I'm saving a dataframe to parquet files. The schema generated looks like this:

org.apache.spark.sql.parquet.row.metadata{  
"type":"struct",
"fields":[  
  {  
     "name":"DCN",
     "type":"string",
     "nullable":true,
     "metadata":{}
  },
  {  
     "name":"EDW_id",
     "type":"string",
     "nullable":true,
     "metadata":{}
  },
  {  
     "name":"recievedTimestamp",
     "type":"string",
     "nullable":true,
     "metadata":{}
  },
  {  
     "name":"recievedDate",
     "type":"date",
     "nullable":true,
     "metadata":{}
  },
  {  
     "name":"rule",
     "type":"string",
     "nullable":true,
     "metadata":{}
  }
]}

The dataframe is being generated in a spark program; when I run it via spark-submit and display the dataframe I can see there are several hundred records. I'm saving the df to parquet like so:

df.write.format("parquet").mode(SaveMode.Overwrite).save('/home/my/location')

And creating an external table in hive like so:

CREATE EXTERNAL TABLE schemaname.tablename (
  DCN STRING,
  EDW_ID STRING,
  RECIEVEDTIMESTAMP STRING,
  RECIEVEDDATE STRING,
  RULE STRING) 
STORED AS PARQUET
LOCATION '/home/my/location';

The table is being created successfully, but it is not being populated with any data - when I query it, 0 records are returned. Can anyone spot what I'm doing wrong? This is using Hive 1.1 and Spark 1.6.

2

2 Answers

0
votes

Hive required jar file for handling the parquet file.

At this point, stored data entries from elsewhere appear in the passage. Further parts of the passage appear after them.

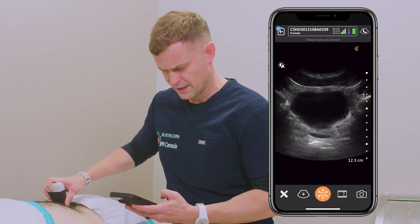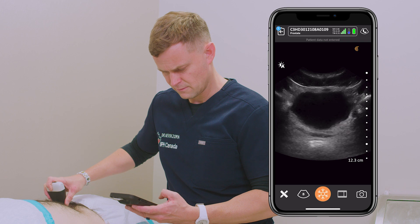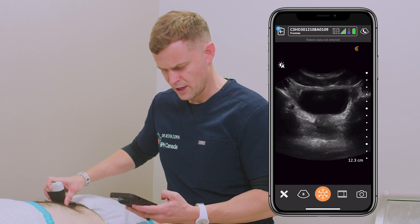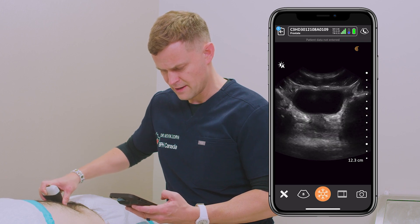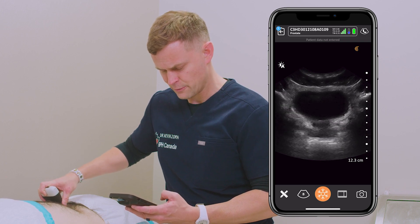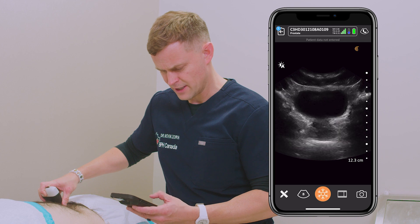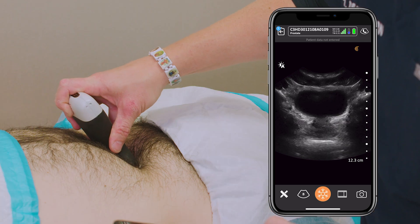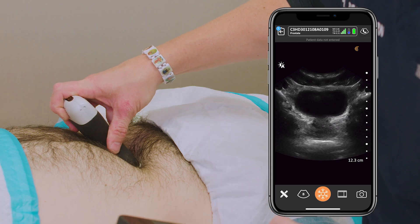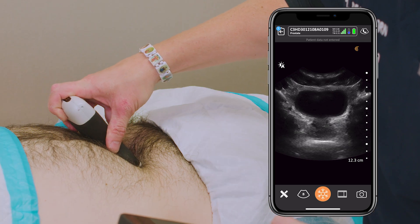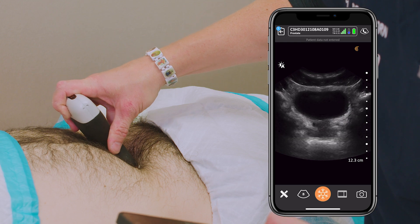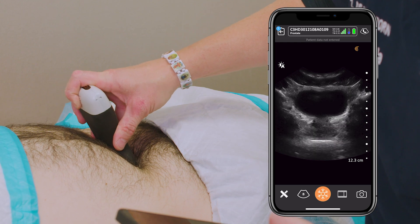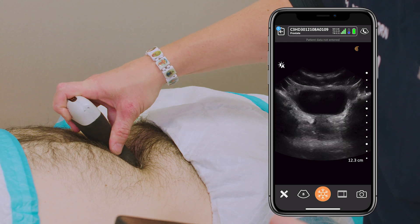I'm going to fan it out and I can zoom in. There are the seminal vesicles — the little bunny ears behind the prostate. Those are normal, and as I fan downward there's our prostate. Just getting an idea of the echogenicity — are there any hypoechoic areas or calcifications, suggestive of inflammation or chronic inflammation?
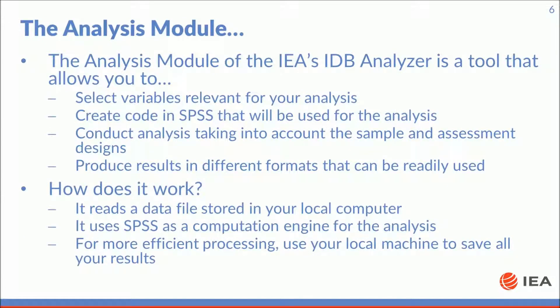The analysis module of the IDB analyzer is a tool that allows you to select variables relevant for your analysis, create code in SPSS that will be used for the analysis, conduct analysis taking into account the sample and assessment design, and produce results in different formats that can be readily used by other software.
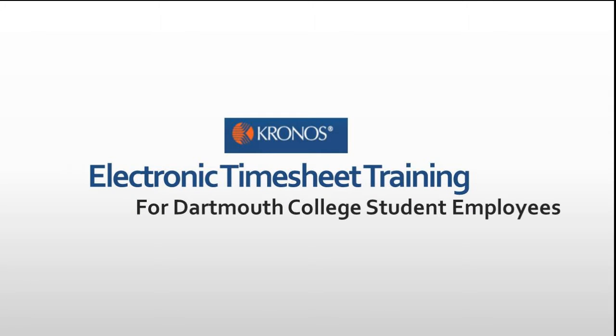Hello, in this video we will be demonstrating how to use Kronos, the electronic timesheet system for Dartmouth College student employees.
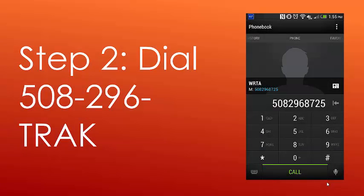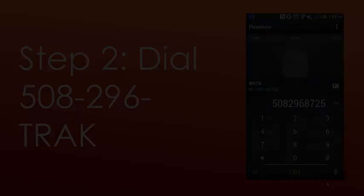Step 2: Dial 508-296-TRACK, or 508-296-8725. An operator will answer — please tell them your stop ID or the street intersection that you are at.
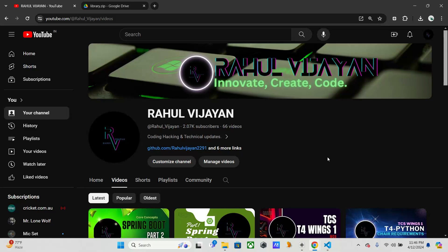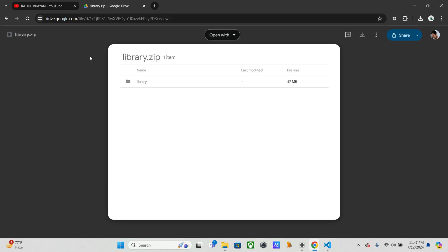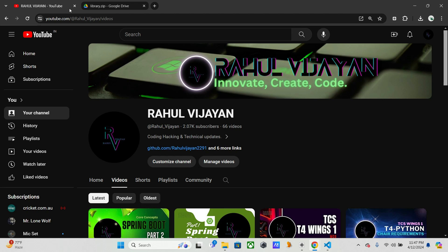Hello guys, welcome back to my channel. I am Yos Davul. From this video onwards I am going to do CRUD operations which are exam-based. In this video I am going to do a Library Management System. I will give the link in my description, you can download it from there. I downloaded the file already, so let's take a look at it.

1.First download parquet-hive-bundle-1.5.0.jar

2.include the jar path into hive-site.xml.

<property>
   <name>hive.jar.directory</name>
   <value>/home/hduser/hive/lib/parquet-hive-bundle-1.5.0.jar</value>
</property>
0
votes

hive metadata store is case insensitive and stores all column name in lower case where as parquet stores as is . Try recreating the hive table in the same case .